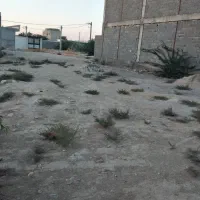 زمین متراژ200|فروش زمین و ملک کلنگی|دلوار, |دیوار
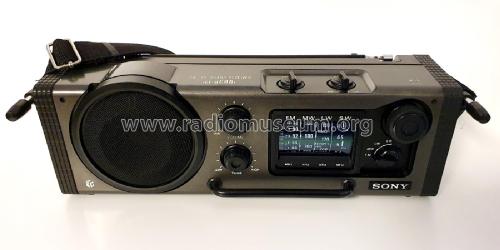 ICF-6000L; Sony Corporation; (ID = 3015043) Radio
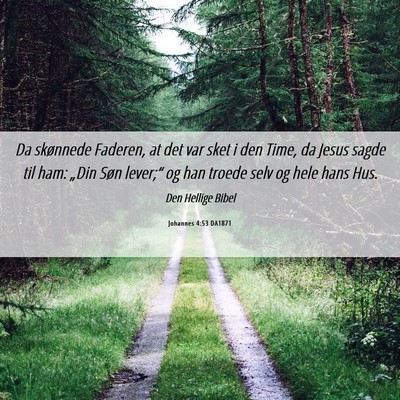 Picture 06 - Johannes 4:53 DA1871 - Da skønnede Faderen, at det var sket i den Time, - Bible Verse Picture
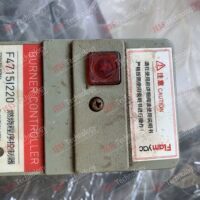 Repair FLAMYAC F4715I220 burner controller F15190623000030 in Malaysia, Singapore, Thailand, Indonesia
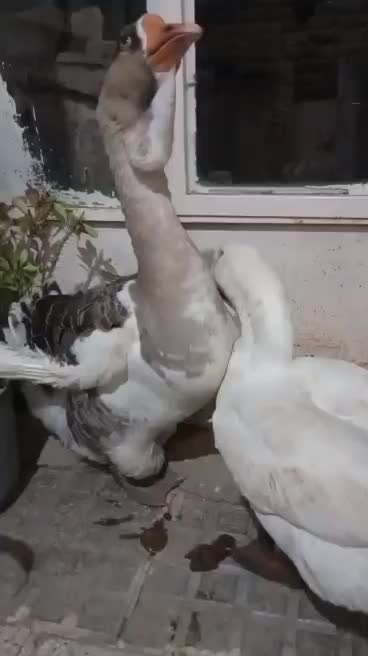 قوغاز خالماگوری اصل نژاد وارداتی|حیوانات مزرعه|بانه, |دیوار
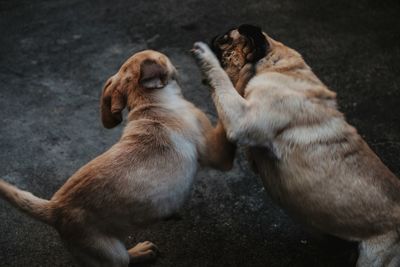 Close-up of dogs sitting outdoors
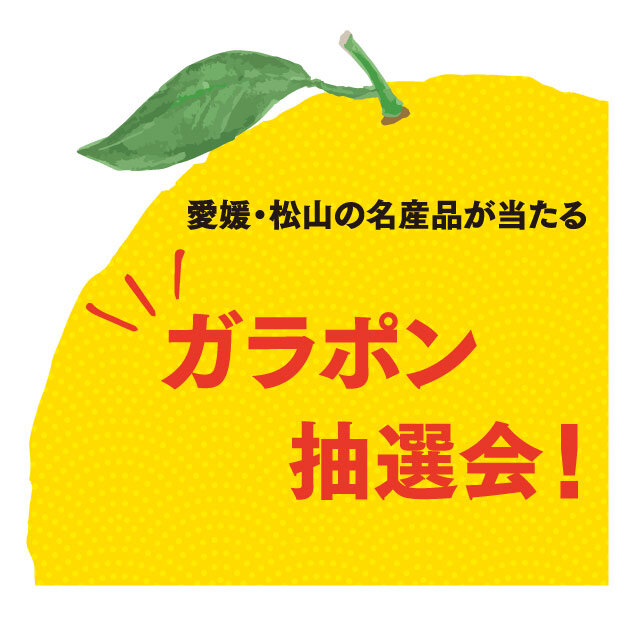愛媛松山的名特產Galapon抽簽儀式!
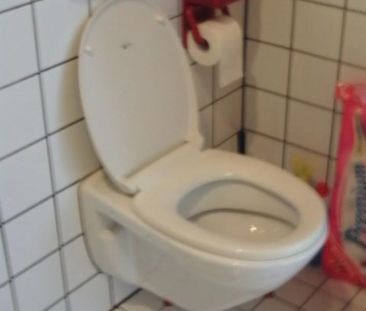 Günstige 1-Zi-Wohnung, kl. Küche, Bad 230+130NK, Tr-Olewig, 1Pers - Photo 6
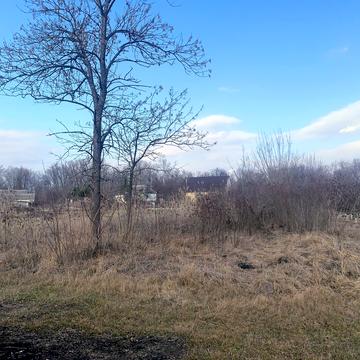 Лірницька вул. (Сільрадська)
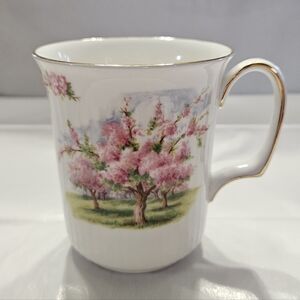 "Blossom Time" Mug by Royal Albert.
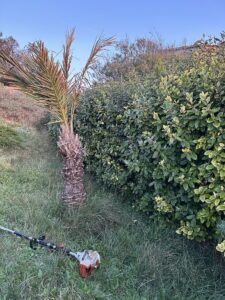 Remise en État d’un Jardin à La Couronne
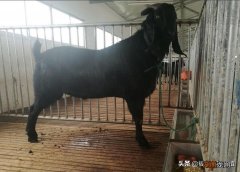 体型最大的黑山羊有什么特点 最大的羊品种400斤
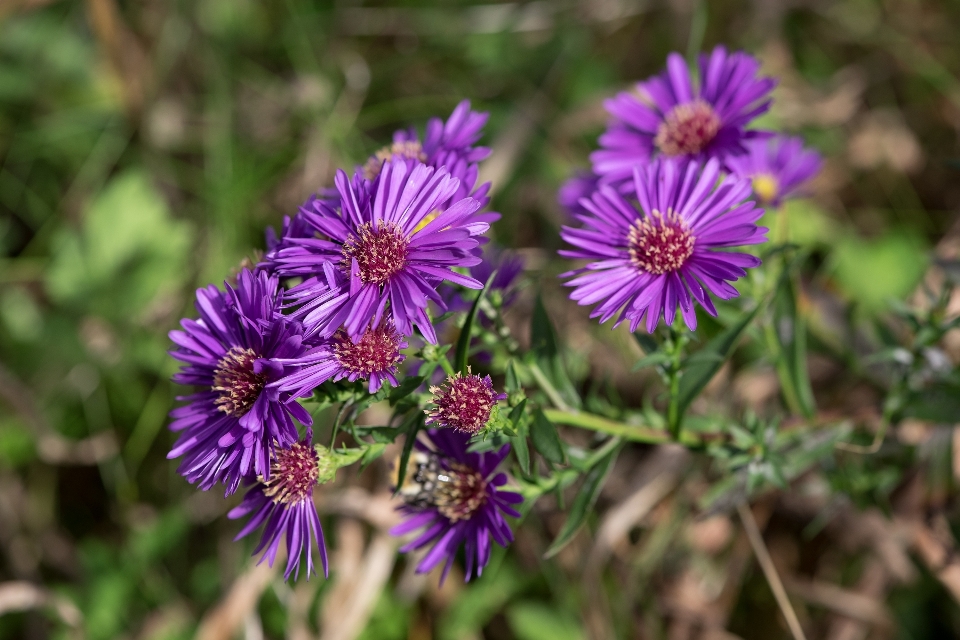 Nature plant meadow flower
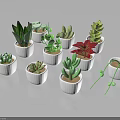 Various Succulent Plant Species Arranged in White Pots on Black Background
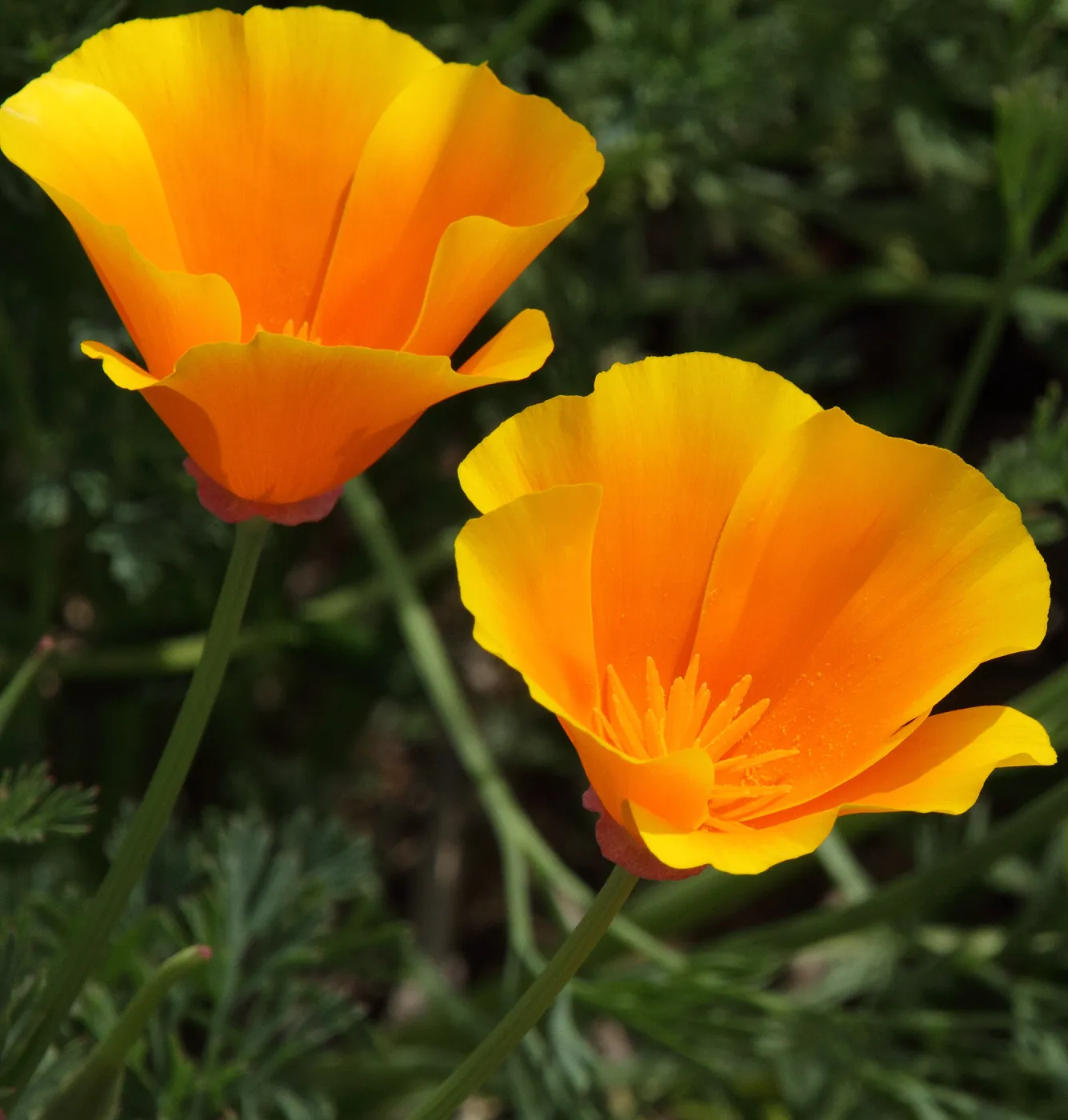 california poppy flowers, SBBG Photo Contest 2012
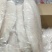 巴沙鱼巴沙鱼柳鱼肉单冻5片*4包量大从优今年新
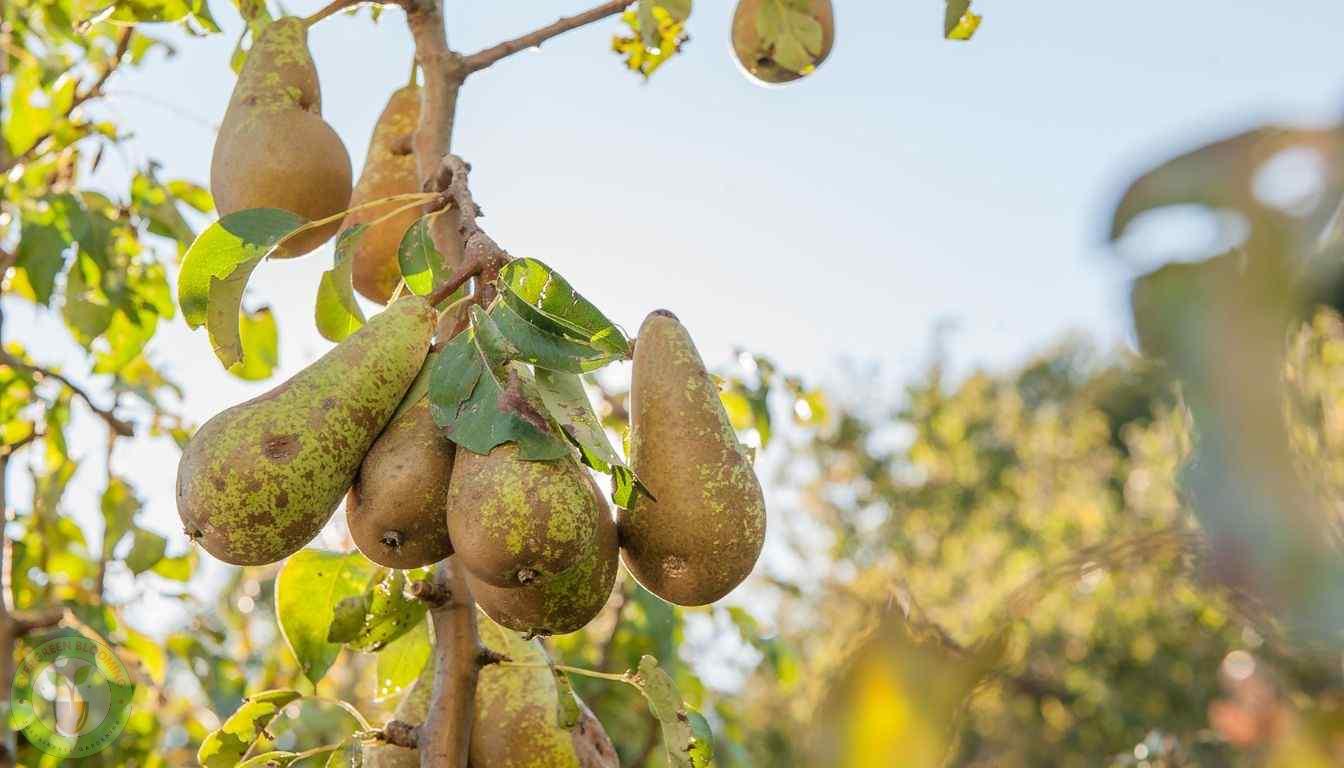 Pears ready to be picked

= = = = =

▸ What you should do:
Set down exactly and only the lines from the line that contains "Various Succulent Plant" through the last line of the entries above, with both of those lines included and the pictures left out.

▸ Answer to this task:
 Various Succulent Plant Species Arranged in White Pots on Black Background
 california poppy flowers, SBBG Photo Contest 2012
 巴沙鱼巴沙鱼柳鱼肉单冻5片*4包量大从优今年新
 Pears ready to be picked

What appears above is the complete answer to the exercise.